EXERCISE AIM | When counting, include every line of the data that holds "office", then state the total alone.

RECORD SET |
========================
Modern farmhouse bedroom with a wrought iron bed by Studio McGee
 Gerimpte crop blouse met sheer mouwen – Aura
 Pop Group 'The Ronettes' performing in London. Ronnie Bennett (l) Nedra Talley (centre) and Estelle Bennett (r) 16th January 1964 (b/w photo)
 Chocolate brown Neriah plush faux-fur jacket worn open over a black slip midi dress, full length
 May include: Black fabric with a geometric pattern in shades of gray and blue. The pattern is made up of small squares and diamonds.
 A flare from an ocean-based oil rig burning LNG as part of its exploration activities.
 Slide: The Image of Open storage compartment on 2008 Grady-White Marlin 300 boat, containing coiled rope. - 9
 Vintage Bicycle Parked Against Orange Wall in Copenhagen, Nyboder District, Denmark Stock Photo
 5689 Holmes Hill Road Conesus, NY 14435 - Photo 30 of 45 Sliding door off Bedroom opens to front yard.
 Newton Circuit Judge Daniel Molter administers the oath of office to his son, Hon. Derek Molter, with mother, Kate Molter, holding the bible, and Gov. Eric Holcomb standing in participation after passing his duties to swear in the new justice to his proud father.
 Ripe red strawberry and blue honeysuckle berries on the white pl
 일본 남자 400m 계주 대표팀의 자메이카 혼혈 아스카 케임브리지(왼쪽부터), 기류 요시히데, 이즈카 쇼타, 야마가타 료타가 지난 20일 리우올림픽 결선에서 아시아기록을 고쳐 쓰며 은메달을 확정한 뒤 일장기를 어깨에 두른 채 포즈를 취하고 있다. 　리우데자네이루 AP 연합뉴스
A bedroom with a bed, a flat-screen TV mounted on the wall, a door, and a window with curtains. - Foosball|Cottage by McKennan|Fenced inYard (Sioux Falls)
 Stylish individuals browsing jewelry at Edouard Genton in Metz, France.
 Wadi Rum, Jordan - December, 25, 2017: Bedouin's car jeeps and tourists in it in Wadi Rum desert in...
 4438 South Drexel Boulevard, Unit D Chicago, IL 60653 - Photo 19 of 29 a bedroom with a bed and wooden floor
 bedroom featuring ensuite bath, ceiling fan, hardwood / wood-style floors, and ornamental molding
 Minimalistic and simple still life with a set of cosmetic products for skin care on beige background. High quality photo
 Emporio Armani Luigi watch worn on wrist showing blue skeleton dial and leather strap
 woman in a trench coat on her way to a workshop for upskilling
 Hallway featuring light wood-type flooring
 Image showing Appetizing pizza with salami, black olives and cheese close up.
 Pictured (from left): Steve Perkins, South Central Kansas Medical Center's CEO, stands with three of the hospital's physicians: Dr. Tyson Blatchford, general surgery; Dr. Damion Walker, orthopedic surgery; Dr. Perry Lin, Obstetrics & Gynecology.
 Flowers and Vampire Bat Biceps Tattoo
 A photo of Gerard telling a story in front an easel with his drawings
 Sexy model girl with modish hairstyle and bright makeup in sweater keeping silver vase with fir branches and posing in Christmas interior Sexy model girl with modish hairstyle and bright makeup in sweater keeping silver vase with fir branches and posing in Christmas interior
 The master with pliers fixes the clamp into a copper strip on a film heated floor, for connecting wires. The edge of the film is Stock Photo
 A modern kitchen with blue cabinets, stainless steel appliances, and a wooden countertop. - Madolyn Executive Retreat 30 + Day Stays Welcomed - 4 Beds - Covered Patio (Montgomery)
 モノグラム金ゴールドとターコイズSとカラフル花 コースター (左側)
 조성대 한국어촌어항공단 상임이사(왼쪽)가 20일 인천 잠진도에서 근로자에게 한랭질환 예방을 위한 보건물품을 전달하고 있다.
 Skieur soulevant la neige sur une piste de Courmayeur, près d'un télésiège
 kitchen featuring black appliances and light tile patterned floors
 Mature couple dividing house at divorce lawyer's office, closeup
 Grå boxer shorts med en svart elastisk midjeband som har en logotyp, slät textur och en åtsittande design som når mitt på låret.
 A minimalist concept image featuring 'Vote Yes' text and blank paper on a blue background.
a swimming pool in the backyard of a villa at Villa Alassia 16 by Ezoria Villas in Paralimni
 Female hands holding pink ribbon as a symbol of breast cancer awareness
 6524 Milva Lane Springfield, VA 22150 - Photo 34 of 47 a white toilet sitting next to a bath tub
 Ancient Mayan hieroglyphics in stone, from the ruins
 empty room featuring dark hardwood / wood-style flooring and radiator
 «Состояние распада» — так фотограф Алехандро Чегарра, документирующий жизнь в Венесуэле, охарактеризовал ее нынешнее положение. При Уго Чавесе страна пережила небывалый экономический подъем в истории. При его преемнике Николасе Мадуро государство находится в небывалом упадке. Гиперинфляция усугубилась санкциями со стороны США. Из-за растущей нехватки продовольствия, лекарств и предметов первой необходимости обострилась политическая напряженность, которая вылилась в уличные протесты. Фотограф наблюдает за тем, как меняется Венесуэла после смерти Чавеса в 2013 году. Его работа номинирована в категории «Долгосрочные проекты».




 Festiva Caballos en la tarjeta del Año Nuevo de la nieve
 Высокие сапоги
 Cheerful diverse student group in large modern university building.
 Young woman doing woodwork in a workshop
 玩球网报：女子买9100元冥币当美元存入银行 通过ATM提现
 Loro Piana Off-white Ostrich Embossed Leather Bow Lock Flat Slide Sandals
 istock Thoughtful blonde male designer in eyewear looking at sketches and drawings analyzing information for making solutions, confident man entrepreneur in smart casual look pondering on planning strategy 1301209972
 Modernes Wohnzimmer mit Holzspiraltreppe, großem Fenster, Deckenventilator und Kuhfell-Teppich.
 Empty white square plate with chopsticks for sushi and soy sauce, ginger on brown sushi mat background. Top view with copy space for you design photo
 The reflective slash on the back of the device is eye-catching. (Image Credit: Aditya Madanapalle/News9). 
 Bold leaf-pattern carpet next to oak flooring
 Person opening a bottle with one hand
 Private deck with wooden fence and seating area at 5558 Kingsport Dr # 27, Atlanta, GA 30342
========================
SOLUTION TO THIS EXERCISE | 2